Sunday, January 13, 2013

Canon N, a compact for the connected age

Can Canon save the point and shoot?, article.

We see innovative compact cameras from smaller companies such as Fujifilm, but not often from Canon, they are usually more evolutionary in character. But here's a fresh one, the Canon Powershot N. I rather like it, nice looks and it has a tilt-screen. It is a pure "smart phone era" camera, designed to work with your Android phone or iPhone (or tablets, though I think they should have cell connection).
(Compared to the camera already in phones, it has better low-light-capability, it has zoom (a long one), and 12 MP.) It should come in April at around $300.

It's funny to compare it to the Fuji X20, two brand new compact-ish cameras, but they couldn't be more different.


emptyspaces said...

Just got a look at this one at CES. It's a really cool design, and unlike the other "connected" P&S cams I saw, truly pocketable. Once the price comes down a bit it becomes an attractive option.

I was doing a lot of tweeting during spare time at the show, and found myself wishing I had better photos to work with from time to time. This camera could have helped with that.

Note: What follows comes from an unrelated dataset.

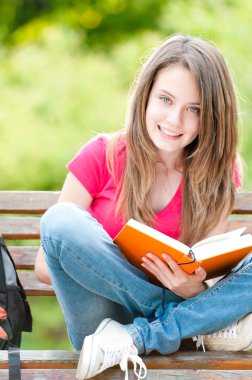 kitap ile bankta oturan mutlu öğrenci kız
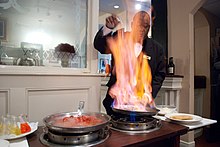 A waiter prepares Bananas Foster at Brennan's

Eolake Stobblehouse said...

Yeah, I wonder when phones will be up to doing indoors pics well. Most have an *awfully* small sensor.

I don't think $300 is a bad price for this cam, if the lens is good.

Bruce said...

It's great to see Canon doing something different. Fuji goes for the old folks with their designs, Samsung and Nikon partially replicate an Android phone in their cameras.

Canon says why bother duplicating the phone when we can let the user's own phone do the work. They give the user three things their phone camera lacks in the smallest possible package: zoom range, tilt LCD, larger sensor.

Eolake Stobblehouse said...

Indeed, Bruce.

Others have mailed who think it's over-priced. OK, I can see that viewpoint, but it's a new kind of camera, they are always priced a bit on the high side, it's one of the ways the companies pay for the development.
If it's a big hit, the price was justified and they will surely keep it for a while.

The first good digital video camera in the nineties went dramatically *up* in price when (Panasonic?) found out that pros were using it in droves.

Bruce said...

$300 is a lot, but the specs are pretty good. ƒ3.0 to ƒ5.9 is not bad at all for such a long zoom lens.

Unless they sell a ton of these right away, the price should go down to $250 or less by next Christmas. That is the only time that matters as far as sales volume is concerned.

I think this price is just to test the market and harvest a little extra money from those who just can't wait.